• [EXERCISE AIM] Within the listing below, show every line that contains the word "surface".

• [SUPPLIED RECORDS]
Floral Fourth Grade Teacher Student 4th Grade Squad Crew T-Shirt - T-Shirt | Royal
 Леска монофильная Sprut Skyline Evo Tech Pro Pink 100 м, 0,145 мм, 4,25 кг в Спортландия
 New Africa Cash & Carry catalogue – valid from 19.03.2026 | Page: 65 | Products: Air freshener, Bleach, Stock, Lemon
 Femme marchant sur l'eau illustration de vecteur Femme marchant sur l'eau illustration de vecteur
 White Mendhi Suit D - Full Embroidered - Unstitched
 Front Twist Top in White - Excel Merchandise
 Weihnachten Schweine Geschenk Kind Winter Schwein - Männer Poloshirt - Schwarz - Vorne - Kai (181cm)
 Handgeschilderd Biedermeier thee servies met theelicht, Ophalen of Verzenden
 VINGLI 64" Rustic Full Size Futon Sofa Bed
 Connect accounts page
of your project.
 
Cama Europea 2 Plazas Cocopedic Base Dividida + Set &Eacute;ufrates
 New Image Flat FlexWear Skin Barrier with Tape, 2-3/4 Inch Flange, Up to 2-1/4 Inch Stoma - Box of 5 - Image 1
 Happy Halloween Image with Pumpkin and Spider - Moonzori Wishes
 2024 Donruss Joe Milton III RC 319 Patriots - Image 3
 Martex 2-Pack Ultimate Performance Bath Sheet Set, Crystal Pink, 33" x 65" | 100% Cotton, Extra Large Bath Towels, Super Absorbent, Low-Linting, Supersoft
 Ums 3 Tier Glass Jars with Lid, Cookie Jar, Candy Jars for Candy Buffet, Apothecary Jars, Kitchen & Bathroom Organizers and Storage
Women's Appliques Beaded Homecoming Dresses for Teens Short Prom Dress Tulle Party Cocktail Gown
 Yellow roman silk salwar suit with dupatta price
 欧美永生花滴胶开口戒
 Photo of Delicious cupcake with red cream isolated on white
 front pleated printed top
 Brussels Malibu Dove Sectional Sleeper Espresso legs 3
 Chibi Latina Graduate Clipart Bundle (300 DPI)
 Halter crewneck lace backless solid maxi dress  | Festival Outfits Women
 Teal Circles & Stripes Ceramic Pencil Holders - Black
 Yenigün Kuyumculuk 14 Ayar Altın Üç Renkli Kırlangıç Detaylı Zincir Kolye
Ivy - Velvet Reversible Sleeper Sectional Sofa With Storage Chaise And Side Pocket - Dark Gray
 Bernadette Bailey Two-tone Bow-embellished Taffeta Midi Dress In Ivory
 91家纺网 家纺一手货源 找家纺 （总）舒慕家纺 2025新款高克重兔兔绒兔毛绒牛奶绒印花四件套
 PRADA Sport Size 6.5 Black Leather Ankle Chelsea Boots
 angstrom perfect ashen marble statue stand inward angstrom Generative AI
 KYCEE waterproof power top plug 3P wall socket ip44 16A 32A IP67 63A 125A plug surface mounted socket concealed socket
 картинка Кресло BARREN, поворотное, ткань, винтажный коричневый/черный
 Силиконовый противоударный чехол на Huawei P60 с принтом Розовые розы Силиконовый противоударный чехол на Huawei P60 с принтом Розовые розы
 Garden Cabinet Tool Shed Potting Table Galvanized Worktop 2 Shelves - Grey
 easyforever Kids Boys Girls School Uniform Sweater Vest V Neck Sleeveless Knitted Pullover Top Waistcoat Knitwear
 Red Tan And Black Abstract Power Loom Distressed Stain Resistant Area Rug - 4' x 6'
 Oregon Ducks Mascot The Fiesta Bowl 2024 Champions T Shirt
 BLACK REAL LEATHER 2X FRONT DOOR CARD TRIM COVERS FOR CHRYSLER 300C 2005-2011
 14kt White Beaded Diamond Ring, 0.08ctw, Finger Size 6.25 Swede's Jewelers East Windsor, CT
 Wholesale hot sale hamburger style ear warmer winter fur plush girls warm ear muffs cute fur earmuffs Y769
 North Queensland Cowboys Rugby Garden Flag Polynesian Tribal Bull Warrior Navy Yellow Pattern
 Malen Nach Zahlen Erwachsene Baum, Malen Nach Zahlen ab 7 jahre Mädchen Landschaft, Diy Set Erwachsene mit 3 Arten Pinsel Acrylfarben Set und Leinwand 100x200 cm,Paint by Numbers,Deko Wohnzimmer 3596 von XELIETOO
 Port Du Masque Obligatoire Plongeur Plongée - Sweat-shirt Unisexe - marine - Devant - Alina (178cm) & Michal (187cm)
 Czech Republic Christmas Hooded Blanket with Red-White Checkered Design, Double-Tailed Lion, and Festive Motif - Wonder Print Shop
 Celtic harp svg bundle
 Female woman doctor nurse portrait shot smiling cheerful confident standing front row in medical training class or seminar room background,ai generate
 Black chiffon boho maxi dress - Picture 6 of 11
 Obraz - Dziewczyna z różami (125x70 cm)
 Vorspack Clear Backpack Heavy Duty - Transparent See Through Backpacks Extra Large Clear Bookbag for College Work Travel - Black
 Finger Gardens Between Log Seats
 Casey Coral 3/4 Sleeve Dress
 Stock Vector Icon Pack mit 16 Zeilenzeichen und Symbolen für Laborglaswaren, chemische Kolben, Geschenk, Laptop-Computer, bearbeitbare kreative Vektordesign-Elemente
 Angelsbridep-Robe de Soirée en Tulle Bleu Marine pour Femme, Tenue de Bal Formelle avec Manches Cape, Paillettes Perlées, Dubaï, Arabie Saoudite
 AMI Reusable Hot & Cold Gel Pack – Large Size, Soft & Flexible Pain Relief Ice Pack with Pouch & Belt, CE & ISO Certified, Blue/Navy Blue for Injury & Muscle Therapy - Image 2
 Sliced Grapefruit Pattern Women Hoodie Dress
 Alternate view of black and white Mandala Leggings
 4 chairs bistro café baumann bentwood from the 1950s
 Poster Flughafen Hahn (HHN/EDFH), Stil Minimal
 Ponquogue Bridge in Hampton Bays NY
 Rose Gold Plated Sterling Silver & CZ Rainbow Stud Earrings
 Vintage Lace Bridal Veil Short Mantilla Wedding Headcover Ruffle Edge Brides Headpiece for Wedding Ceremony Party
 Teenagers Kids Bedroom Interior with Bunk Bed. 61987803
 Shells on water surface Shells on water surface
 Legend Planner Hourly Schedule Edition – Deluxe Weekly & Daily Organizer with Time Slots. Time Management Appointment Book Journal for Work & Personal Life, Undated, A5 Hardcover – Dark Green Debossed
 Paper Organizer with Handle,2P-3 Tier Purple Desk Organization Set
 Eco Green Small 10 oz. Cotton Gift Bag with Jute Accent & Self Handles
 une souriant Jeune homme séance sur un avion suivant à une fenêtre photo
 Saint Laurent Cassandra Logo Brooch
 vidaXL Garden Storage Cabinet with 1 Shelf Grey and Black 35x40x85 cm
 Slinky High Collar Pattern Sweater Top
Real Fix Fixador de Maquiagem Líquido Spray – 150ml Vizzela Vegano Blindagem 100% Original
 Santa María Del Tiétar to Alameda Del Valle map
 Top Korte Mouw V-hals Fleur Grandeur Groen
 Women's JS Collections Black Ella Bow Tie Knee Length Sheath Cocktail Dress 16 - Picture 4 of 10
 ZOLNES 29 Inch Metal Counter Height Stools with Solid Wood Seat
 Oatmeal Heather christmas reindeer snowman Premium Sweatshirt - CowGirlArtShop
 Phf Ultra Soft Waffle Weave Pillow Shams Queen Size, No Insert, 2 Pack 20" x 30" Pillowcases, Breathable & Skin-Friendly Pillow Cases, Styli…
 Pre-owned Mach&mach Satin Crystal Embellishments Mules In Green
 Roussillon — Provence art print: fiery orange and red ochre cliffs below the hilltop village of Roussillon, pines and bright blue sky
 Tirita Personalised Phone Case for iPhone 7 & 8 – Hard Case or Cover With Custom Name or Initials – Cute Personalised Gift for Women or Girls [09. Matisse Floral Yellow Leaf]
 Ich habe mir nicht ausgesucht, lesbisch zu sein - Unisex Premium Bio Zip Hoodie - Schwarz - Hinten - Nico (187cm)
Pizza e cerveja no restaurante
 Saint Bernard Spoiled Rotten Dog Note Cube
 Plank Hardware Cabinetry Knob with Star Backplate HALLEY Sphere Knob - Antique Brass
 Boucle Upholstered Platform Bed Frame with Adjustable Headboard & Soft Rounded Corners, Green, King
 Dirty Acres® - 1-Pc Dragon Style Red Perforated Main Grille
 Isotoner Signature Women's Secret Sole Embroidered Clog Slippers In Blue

• [OUTPUT OF THE EXERCISE]
 KYCEE waterproof power top plug 3P wall socket ip44 16A 32A IP67 63A 125A plug surface mounted socket concealed socket
 Shells on water surface Shells on water surface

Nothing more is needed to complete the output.